Di PBNU, ia juga aktif menyuarakan Islam yang moderat, pluralis, dan damai — misalnya ketika dia berbicara bahwa Islam di Indonesia “sangat menghargai perdamaian” dan bisa bersintesis dengan budaya lokal serta memberi ruang bagi perempuan. 

Pada satu fase, Ulil diidentikkan dengan pemikiran liberal lewat JIL. Pada fase berikutnya — terutama setelah bergabung penuh dalam struktur NU — ia terlihat lebih condong pada spiritualitas, sufisme, dan posisi moderat/inklusif. Transformasi ini bisa dianggap representatif bagi perubahan dinamika pemikiran dalam komunitas Islam tradisional di Indonesia.

Besar dari Tradisi Pesantren Salaf, Akrab dengan Modernitas

Sepak terjang Ulil Abshar Abdalla di dunia pemikiran Islam tak lepas dari latar belakang pendidikannya yang kuat berakar pada tradisi Islam klasik. Lahir di Pati, Jawa Tengah, pada 11 Januari 1967, Ulil tumbuh dalam kultur pesantren. 

Ayahnya, KH Abdullah Rifa'i, adalah pengasuh Pondok Pesantren Mansajul Ulum, Pati. Dari lingkungan inilah ia mengenal dasar-dasar ilmu keislaman, sebelum melanjutkan pendidikan di berbagai pesantren di Jawa Tengah, termasuk Madrasah Mathali’ul Falah di Kajen—salah satu pesantren berpengaruh di kalangan NU.

Dengan bekal keterampilan membaca teks-teks Arab klasik (kitab kuning) yang mumpuni, Ulil di usia remaja melanjutkan kuliah ke dua kampus sekaligus. LIPIA (Lembaga Ilmu Pengetahuan Islam dan Arab) Jakarta dan Sekolah Tinggi Filsafat (STF) Driyarkara.

LIPIA dikenal sebagai cabang dari Universitas Imam Saud, Arab Saudi yang dikenal cukup prestisius dalam studi Islam.
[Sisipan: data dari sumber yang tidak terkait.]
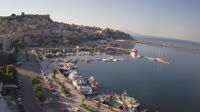 Kavala - Porto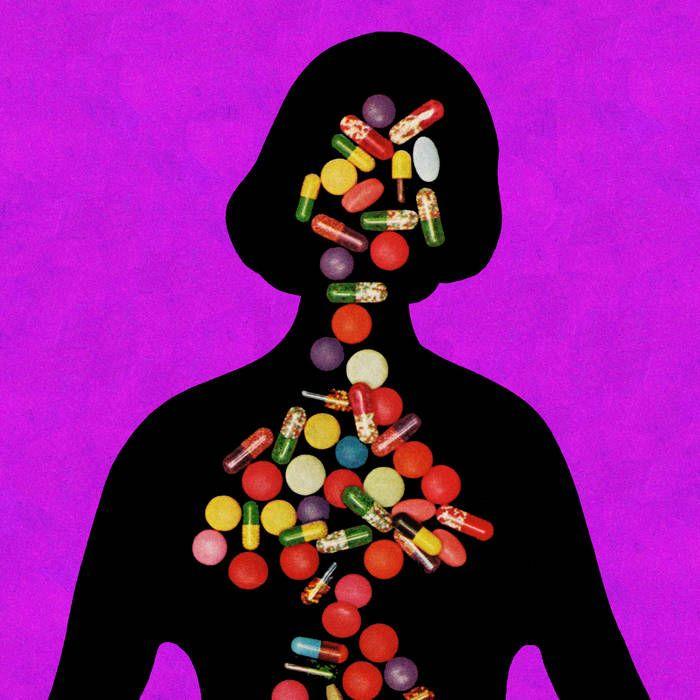 Portada de Álbum "Fauxllennium", de TV Girl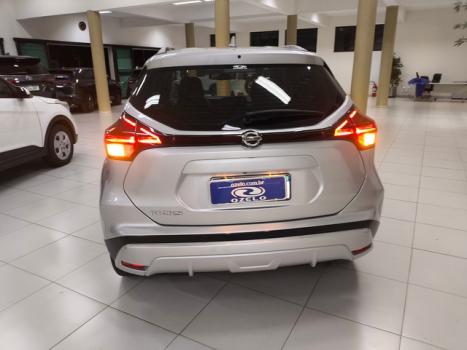 NISSAN Kicks 1.6 16V 4P FLEXSTART EXCLUSIVE XTRONIC AUTOM�TICO CVT, Foto 14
Sedangkan STF Driyarkara merupakan salah satu kampus Katolik yang cukup ternama dalam studi filsafat di Indonesia. 

Perjalanan intelektualnya berlanjut ke Amerika Serikat, di mana ia meraih gelar master di Boston University dan kemudian melanjutkan program doktoral di Harvard University.

Kombinasi antara pendidikan pesantren, perguruan tinggi modern, dan studi agama tingkat tinggi inilah yang menjadikan Ulil sebagai cendekiawan yang mampu menggabungkan tradisi Islam Indonesia dengan pemikiran kontemporer, filsafat, dan wawasan global.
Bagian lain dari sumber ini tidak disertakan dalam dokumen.